Los romanos tenían una multitud
de dioses y diosas, encargados cada uno de algún aspecto de la vida diaria y a
ellos le dedicaban fiestas, saraos y mojigangas con profusión. Muchos de sus
escritores le dedicaron gruesos libros de los que San Agustín se burló a
conciencia en su obra La Ciudad de Dios.
Pero San Agustín mostró su
respeto por Sócrates, Platón o Séneca que se esforzaron en buscar un fundamento
que diera consistencia a todo lo creado, incluidos los hombres, aunque la gente
siguiera acudiendo a aquellos dioses ridículos de la mitología de los que se
vieron libres gracias a la predicación del cristianismo.
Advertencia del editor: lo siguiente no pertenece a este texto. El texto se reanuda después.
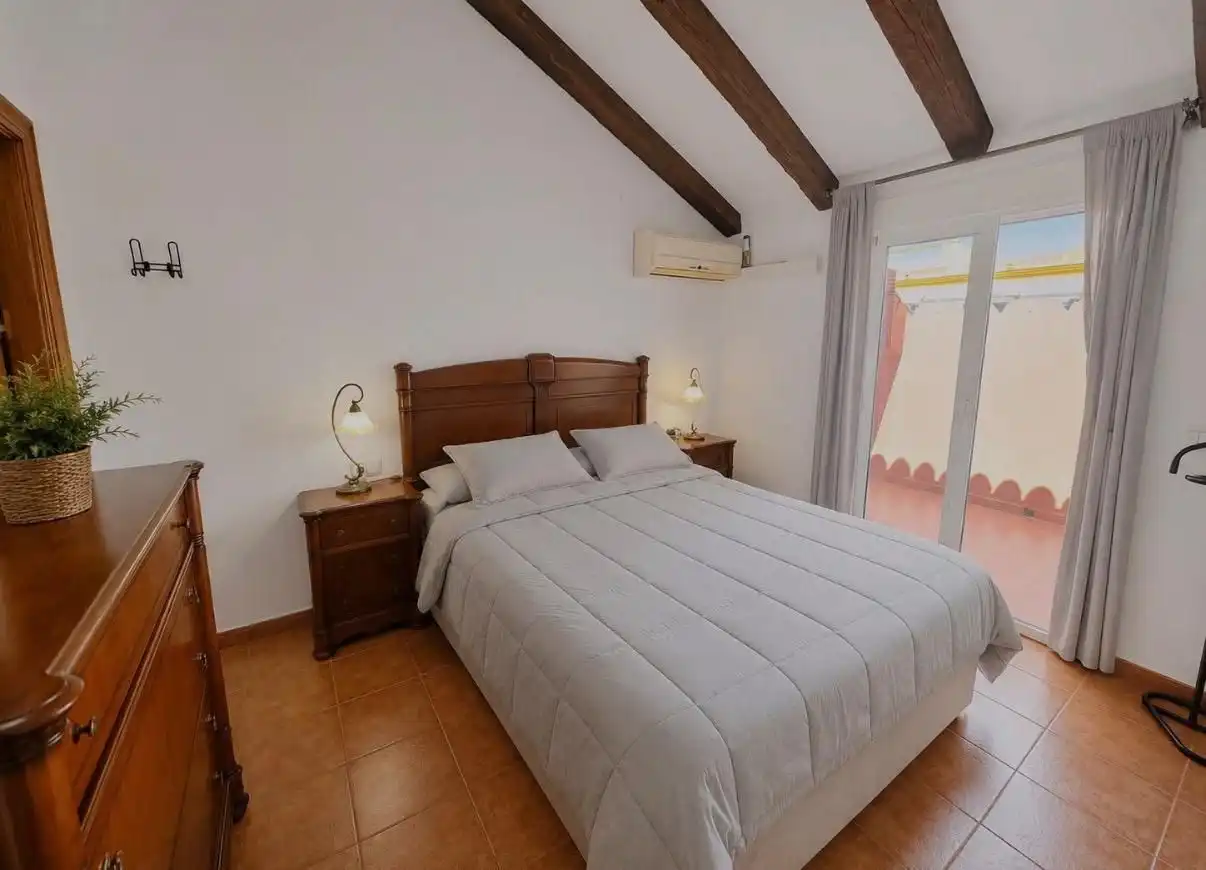 Bedroom of Houses for sale in Fuengirola  with Air Conditioner, Heating and Private garden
San Pablo predicó en Atenas al
dios desconocido que honraban los griegos pero en el cual vivimos, nos movemos y existimos y aunque muchos
atenienses le dieron la espalda cuando anunció la resurrección de los muertos,
algunos creyeron y siguieron a San Pablo y empezaron a formarse las primeras
comunidades cristianas a las que escribiría sus cartas que seguimos leyendo en
cada misa.
Es lamentable que después de dos
mil años la gente haya vuelto a los ídolos del paganismo y, aunque ahora tengan
otros nombres, siguen creyendo en ellos y dedicándoles sus vidas. Son dioses
que no pueden salvar a nadie ya se llamen democracia, liberalismo, socialismo,
placer sin límites o new age. Ninguno
puede dar respuesta a la radical soledad del hombre que sabe que ha de morir un
día.
Siguiendo a algunos ídolos
orientales quieren pensar que volverán simplemente a la nada, identificada como
el gran absoluto y a ello dedican meditaciones que les lleven al gran vacío
existencial en el que algunos esperan fundirse cuando mueran.
¿Por qué razón hemos huido del
Dios vivo y nos hemos dedicado a buscar absurdos sustitutivos? Creo que hemos
sucumbido a la gran tentación: no
necesitáis a Dios porque vosotros sois vuestros propios dioses. Pero el
tentador y la idea ya están en las primeras páginas de la Biblia. La serpiente
antigua, el demonio o Satanás, que se alzó contra Dios al grito de ¡non
serviam!, (no te serviré) deslizó al oído de la primera pareja humana: no
obedezcáis el precepto de Dios, comed del árbol del bien y del mal y seréis
como dioses.
Es lo que sigue resonando en
nuestros oídos: no os privéis de ningún placer, el placer de poseer, el placer
de someter a otros, el placer sexual sin límites ni cortapisas. ¡Comamos y
bebamos que mañana moriremos!
Para que todo ello llegue a
nosotros hay que anular a la familia, hay que destruir la iglesia, rechazar
cualquier precepto que no haya sido aprobado por nuestros parlamentos, nuestras
logias, nuestros tinglados internacionales y a ello nos estamos dedicando con
fruición, con entusiasmo.
Si los hijos son una carga no los dejes nacer,
si quieres dedicar tu amor a alguien: cómprate un perro y goza sin límite de
todos los placeres que puedas costear y ya nos están adoctrinando para que
cuando lleguen los malos días, pidamos la eutanasia, el suicidio asistido,
aunque lo denominen con el eufemismo de muerte digna.
¿Qué elegimos? ¿Este mundo de
pesadilla o volver al amor de Dios en el que vivimos, nos movemos y existimos?